### The task
Omit the pictures and retype only the lines from the one containing "Goran Bregovic și" through the end of the listing, both ends included.
╭─ Data below
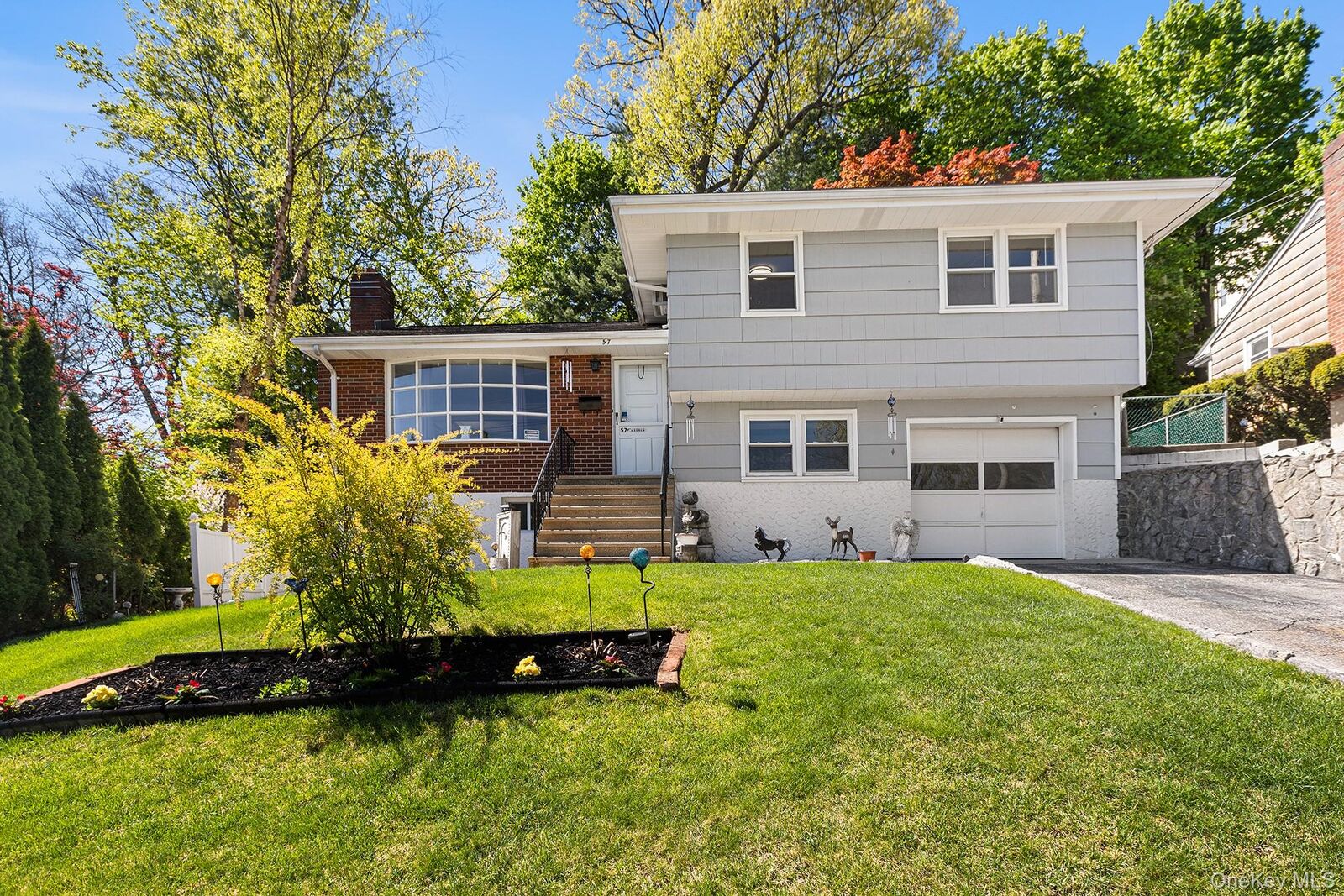 Property Photo:  57 Homecrest Oval  NY 10703 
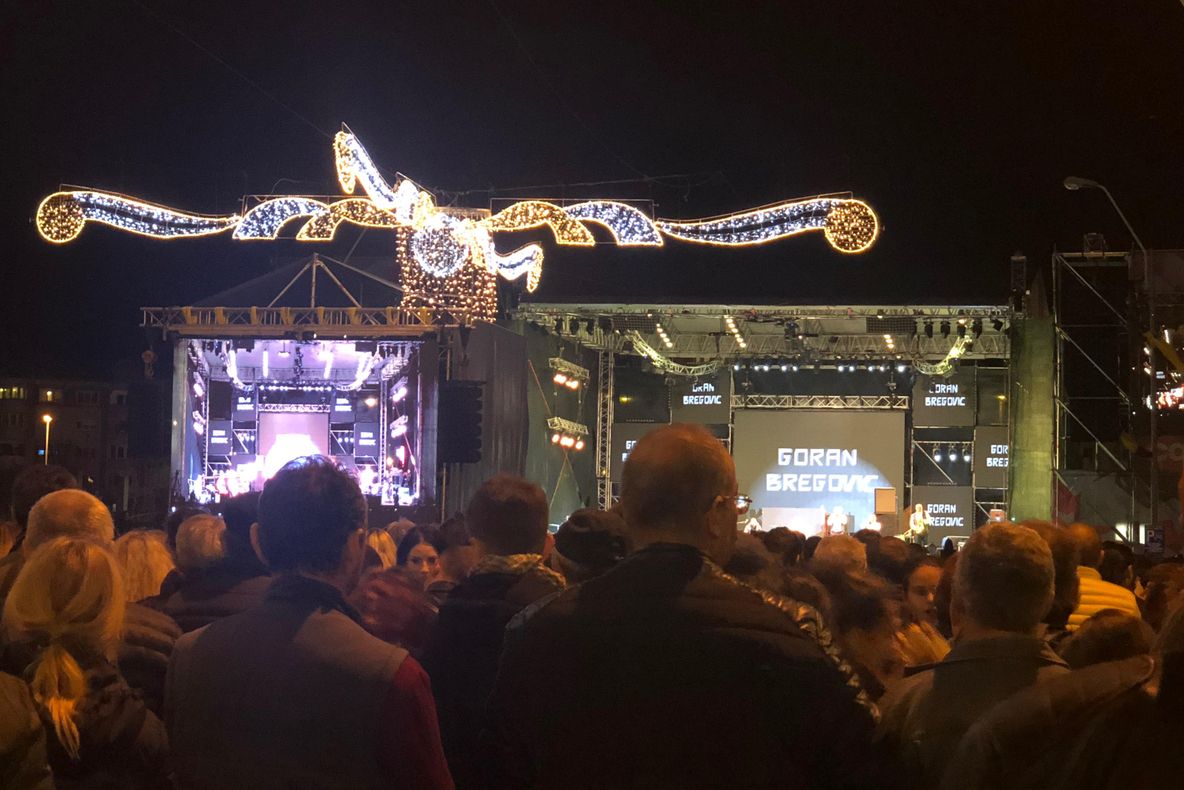 Goran Bregovic și DJ Mahmut Orhan, artiștii care au încheiat evenimentul ”Castane 2018”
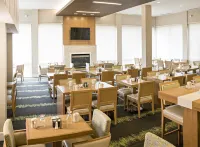 Holiday Inn SALEM (I-93 AT EXIT 2) by IHG - breakfast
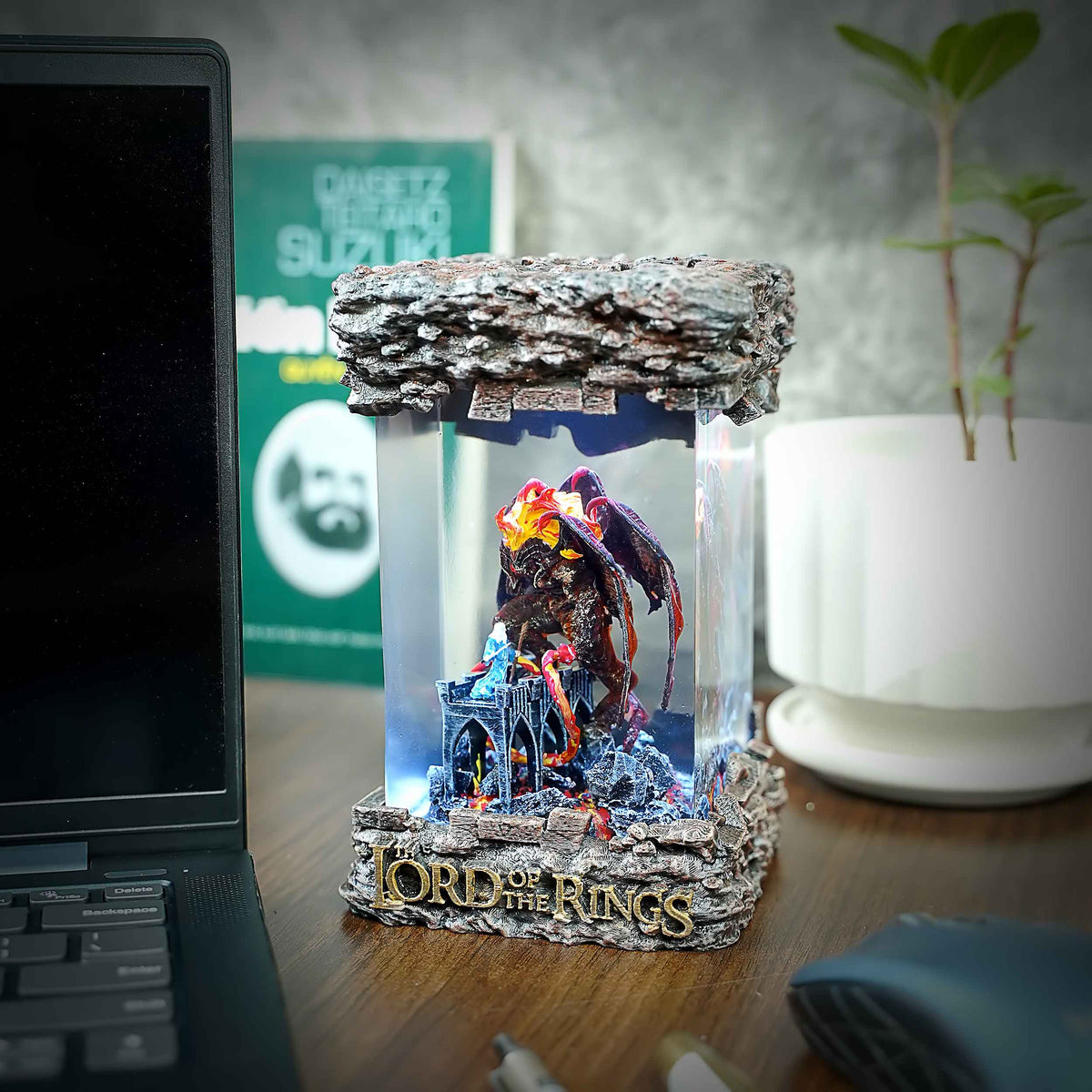 Balrog vs Gandalf Resin Lamp, The Lord of the Rings — view 5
╰─
### Written response
 Goran Bregovic și DJ Mahmut Orhan, artiștii care au încheiat evenimentul ”Castane 2018”
 Holiday Inn SALEM (I-93 AT EXIT 2) by IHG - breakfast
 Balrog vs Gandalf Resin Lamp, The Lord of the Rings — view 5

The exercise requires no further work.